SQLkiwi (5/15/2010)
If the source table is large and there are many duplicates, deleting all the duplicates in one go is likely to be slow and use a great deal of transaction log space. You could consider deleting rows in batches, or using a minimally-logged alternative as shown below:
-- Create a test database
USE master;
CREATE DATABASE RemoveDuplicates;
GO
USE RemoveDuplicates;
GO
-- Source table with duplicate data (must reside on the default file group)
CREATE TABLE dbo.Data
(
id INTEGER IDENTITY(1,1) NOT NULL PRIMARY KEY CLUSTERED,
size INTEGER NOT NULL
)
ON [DEFAULT];
GO
-- Sample data
INSERT dbo.Data (size)
VALUES (1), (1), (2),
(3), (2), (1), (3);
GO
-- Sample non-clustered index
CREATE NONCLUSTERED INDEX [IX dbo.Data size]
ON dbo.Data (size)
ON [DEFAULT];
GO
-- Identify the records to keep and save them to a new table
SELECT D1.id,
D1.size
INTO dbo.ToSave
FROM (
SELECT *,
rn = ROW_NUMBER() OVER (PARTITION BY size ORDER BY id)
FROM dbo.Data D1
) D1
WHERE D1.rn = 1;
GO
-- Switch to the bulk logged recovery model to allow
-- minimally-logged index builds
-- (in a real system you would take a log backup now)

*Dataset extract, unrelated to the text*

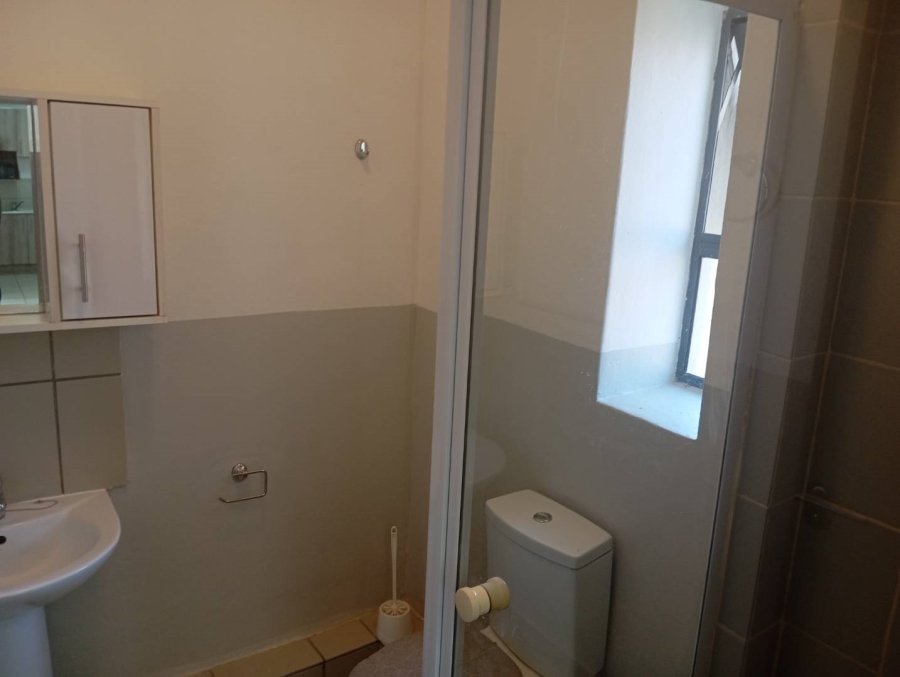 To Let 2 Bedroom Property for Rent in Ruimsig Gauteng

ALTER DATABASE RemoveDuplicates
SET RECOVERY BULK_LOGGED;
GO
-- The new table needs the same indexes as the source table
-- Full requirements: http://technet.microsoft.com/en-us/library/ms191160.aspx
ALTER TABLE dbo.ToSave
ADD PRIMARY KEY CLUSTERED (id);
GO
CREATE INDEX nc1 ON dbo.ToSave (size) ON [DEFAULT];
GO
-- Switch back to full recovery
-- (in a real system you would take a second log backup now)
ALTER DATABASE RemoveDuplicates
SET RECOVERY FULL;
GO
-- Replace the original table with the saved data
BEGIN TRY
-- Begin atomic operation
BEGIN TRANSACTION;
-- Empty the source table
TRUNCATE TABLE dbo.Data;
-- Transfer the saved rows (metadata operation)
ALTER TABLE dbo.ToSave
SWITCH TO dbo.Data;
-- Drop the temporary storage
DROP TABLE dbo.ToSave;
-- Success
COMMIT TRANSACTION;
END TRY
BEGIN CATCH
-- Error handling
DECLARE @Msg NVARCHAR(2048);
SET @Msg = ERROR_MESSAGE();
IF XACT_STATE() <> 0 ROLLBACK TRANSACTION;
RAISERROR('ROLLBACK: %s', 16, 1, @Msg);
END CATCH;
GO
-- Show the de-duplicated data
SELECT *
FROM dbo.Data;
GO
-- Tidy up
USE master;
DROP DATABASE RemoveDuplicates;
Paul, realize this is an old thread, but I have a question. Would the use of the ALTER TABLE ... SWITCH TO ... require that the use of the Enterprise Editon of SQL Server?